##### SUPPLIED INFORMATION #####

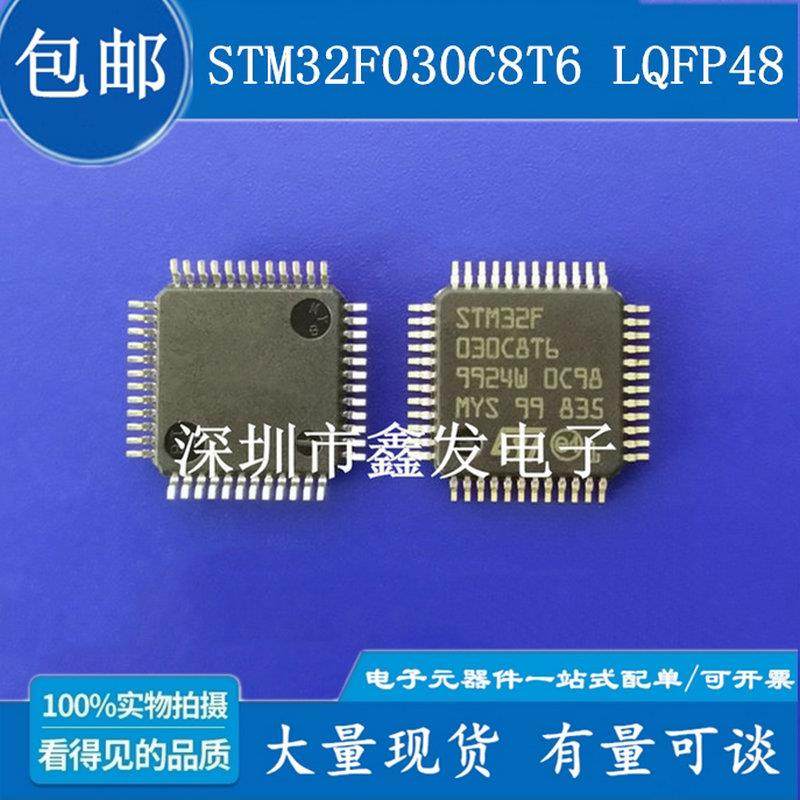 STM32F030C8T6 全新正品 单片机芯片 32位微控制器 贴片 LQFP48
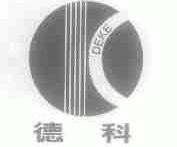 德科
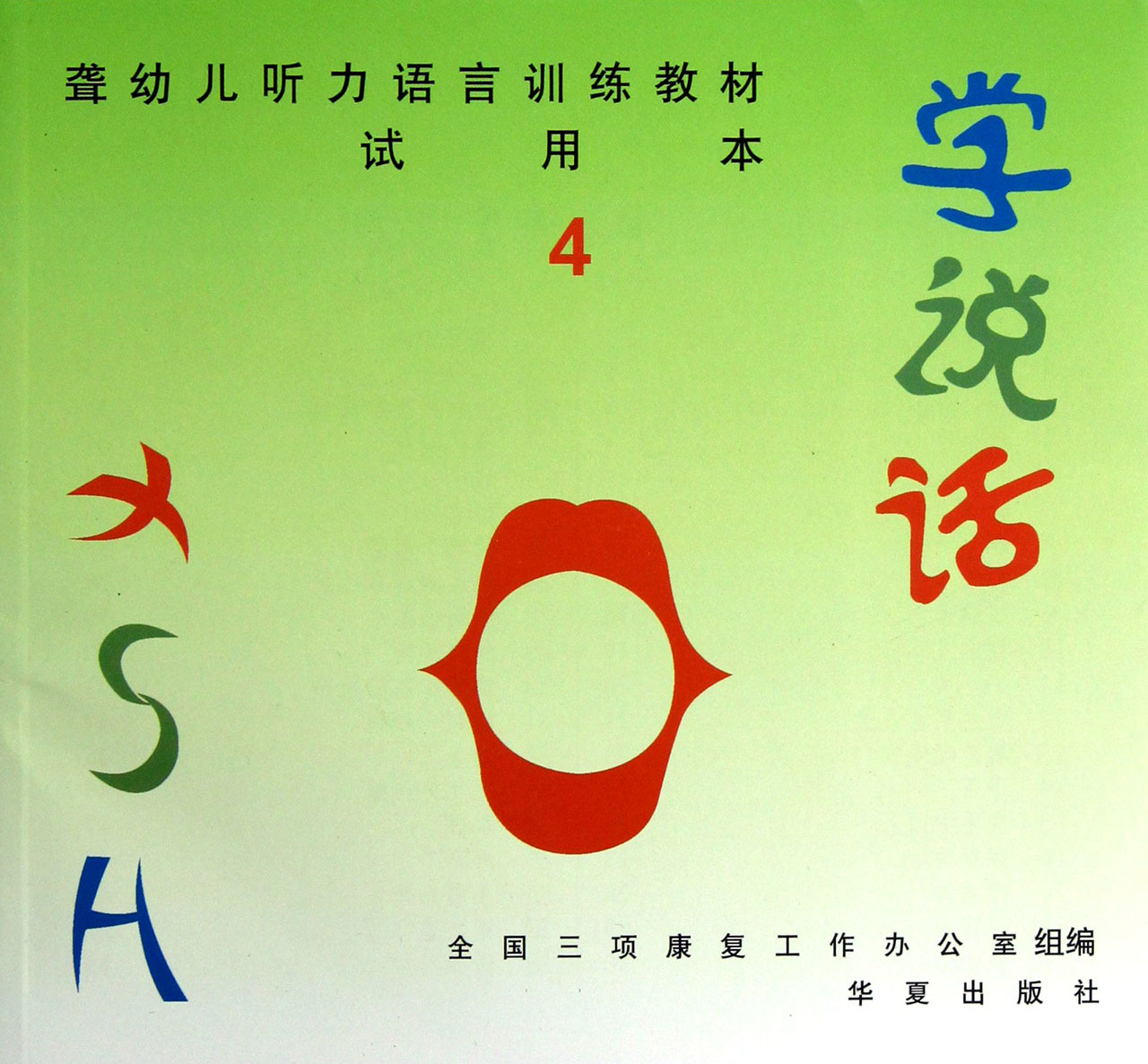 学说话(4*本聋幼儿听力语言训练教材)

#####

• [WHAT YOU SHOULD DO]: Your task is to reproduce all of the material exactly. The pictures stay out.

• [TASK RESULT]:
 STM32F030C8T6 全新正品 单片机芯片 32位微控制器 贴片 LQFP48
 德科
 学说话(4*本聋幼儿听力语言训练教材)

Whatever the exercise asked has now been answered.